The is a series of MH3 Lewis adducts with donor molecules which are generally more stable to, for example, hydrolysis than the parent hydrides.

Lower Valent Compounds

This section is mainly about Tl+ which resembles K+ and Ag+ in its chemistry. This section was not covered in depth in lectures. Skip it.

Summary of the Periodic Trends for the Elements of Group 13

  1. Boron

    1. Forms no simple B3+ cation.

    2. Forms covalent compounds almost exclusively, and polyatomic ions are internally covalently bonded.

    3. Has a maximum covalence of 4 corresponding to an octet.
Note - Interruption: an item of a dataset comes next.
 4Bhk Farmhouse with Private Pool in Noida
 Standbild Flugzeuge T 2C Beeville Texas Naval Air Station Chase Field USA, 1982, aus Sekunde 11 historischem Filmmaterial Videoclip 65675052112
    4. The trivalent compounds are usually strong Lewis acids.

    5. Its oxide and "hydroxide" are acidic.

    6. Forms many polyatomic borates.

    7. The trihalides are easily hydrolysed.

    8. Forms many hydrides and hydride anions which are polyhedral clusters: the boranes, carboranes and the borane anions. The simplest BH4- is a very important synthetic reagent

  2. Aluminum

    1. Readily forms the Al3+ ion which is usually coordinated.

    2. Much more metallic than boron and forms many ionic compounds.

    3. Forms molecular compounds and ionic lattices with cordination numbers from 4 up to 6 and higher.

    4. Forms oxides which are chemically and thermally fairly inert.

    5. Forms a mainly basic but quite amphoteric hydroxide.

    6. Forms partially hydrolysable halides.

    7. Forms a polymeric hydride and the AlH4- ion. The latter is important.

  3. Gallium, Indium, and Thallium.

    1. Readily form M3+ aquo species and have a rich coordination chemistry.

    2. Form increasingly stable M+ compounds especially thallium. Covalent bonds successively weaken down the group enhancing this trend.

    3. Halides are increasingly aggregated with the increasing size of the metals.

    4. Hydrides and hydride ions are not very important or stable.